Sickle Cell Disease Transplant Using a Nonmyeloablative Approach: Adding Daratumumab for Patients With Anti-donor Red Cell AntibodY
This multicenter prospective study seeks to determine if daratumumab given, prior to HLA-identical sibling donor transplantation using alemtuzumab, low dose total-body irradiation, and sirolimus, can prevent pure red blood cell aplasia with an acceptable safety profile in patients with anti-donor red blood cell antibodies, achieving an event-free survival similar to transplanted patients without such antibodies.
⁃ General:
• Patients with SCD age 2-24.99 years who have a healthy HLA-identical sibling donor with major ABO incompatibility OR patients with RBC alloantibodies against other donor RBC antigens.
• Patients must have an absolute neutrophil count of 1 x 109/L and a platelet count of 100 x 109/L.
• Lansky/Karnofsky score of, at least, 70.
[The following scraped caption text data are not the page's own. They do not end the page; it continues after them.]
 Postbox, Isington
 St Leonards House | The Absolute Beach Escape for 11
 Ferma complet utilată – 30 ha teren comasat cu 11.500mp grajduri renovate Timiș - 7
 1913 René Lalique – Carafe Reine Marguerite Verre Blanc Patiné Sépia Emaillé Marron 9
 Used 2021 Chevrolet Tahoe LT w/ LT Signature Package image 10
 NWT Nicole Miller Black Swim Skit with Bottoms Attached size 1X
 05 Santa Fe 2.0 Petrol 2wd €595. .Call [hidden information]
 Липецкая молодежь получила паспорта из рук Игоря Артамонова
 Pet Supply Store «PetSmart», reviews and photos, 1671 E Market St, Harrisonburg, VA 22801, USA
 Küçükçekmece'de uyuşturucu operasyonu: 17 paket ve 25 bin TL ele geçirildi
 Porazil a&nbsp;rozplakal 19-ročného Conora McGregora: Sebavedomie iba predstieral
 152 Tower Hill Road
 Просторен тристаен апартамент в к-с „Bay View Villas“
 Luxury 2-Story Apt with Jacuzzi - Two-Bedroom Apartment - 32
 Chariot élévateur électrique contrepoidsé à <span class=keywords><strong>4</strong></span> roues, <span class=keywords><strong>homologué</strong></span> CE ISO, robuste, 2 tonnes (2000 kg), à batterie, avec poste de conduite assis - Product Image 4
⁃ Patients with genotypes hemoglobin SS and Sβ0 thalassemia must have at least one of the following:
• History of an abnormal transcranial Doppler measurement defined as TCD velocity ≥200 cm/sec by the non-imaging technique measured at a minimum of two separate occasions.
• Progression of CNS vasculopathy on MRA determined to be secondary to SCD.
• History of cerebral infarction on brain MRI (overt stroke, or silent stroke if ≥3 mm in one dimension, visible in two planes on fluid-attenuated inversion recovery T2-weighted images).
• History of two or more episodes of Acute Chest Syndrome (ACS) in lifetime.
• History of three or more SCD pain events requiring treatment with an opiate or IV pain medication in lifetime.
• History of any hospitalization for a complication secondary to SCD (does NOT include empiric hospitalizations for fever only).
• History of two or more episodes of priapism.
• Administration of regular RBC transfusions (≥8 transfusions episodes in the previous 12 months).
• At least two episodes of splenic sequestration requiring red blood cell transfusion or splenectomy after at least one episode of splenic sequestration.
⁃ Patients with all other sickle genotypes (e.g. hemoglobin SC, Sβ+ thalassemia, etc.) must have at least one of the following:
• Clinically significant neurologic event (overt stroke).
• History of two or more episodes of ACS in the 2-year period preceding enrollment.
• History of three or more SCD pain events requiring treatment with an opiate or IV pain medication (inpatient or outpatient) in the 1-year period preceding enrollment.
• History of any hospitalization for SCD pain or ACS while receiving hydroxyurea treatment.
• History of two or more episodes of priapism (erection lasting ≥4 hours or requiring emergent medical care).
• Administration of regular RBC transfusions (≥8 transfusions in the previous 12 months)
• At least two episodes of splenic sequestration requiring red blood cell transfusion or splenectomy after at least one episode of splenic sequestration.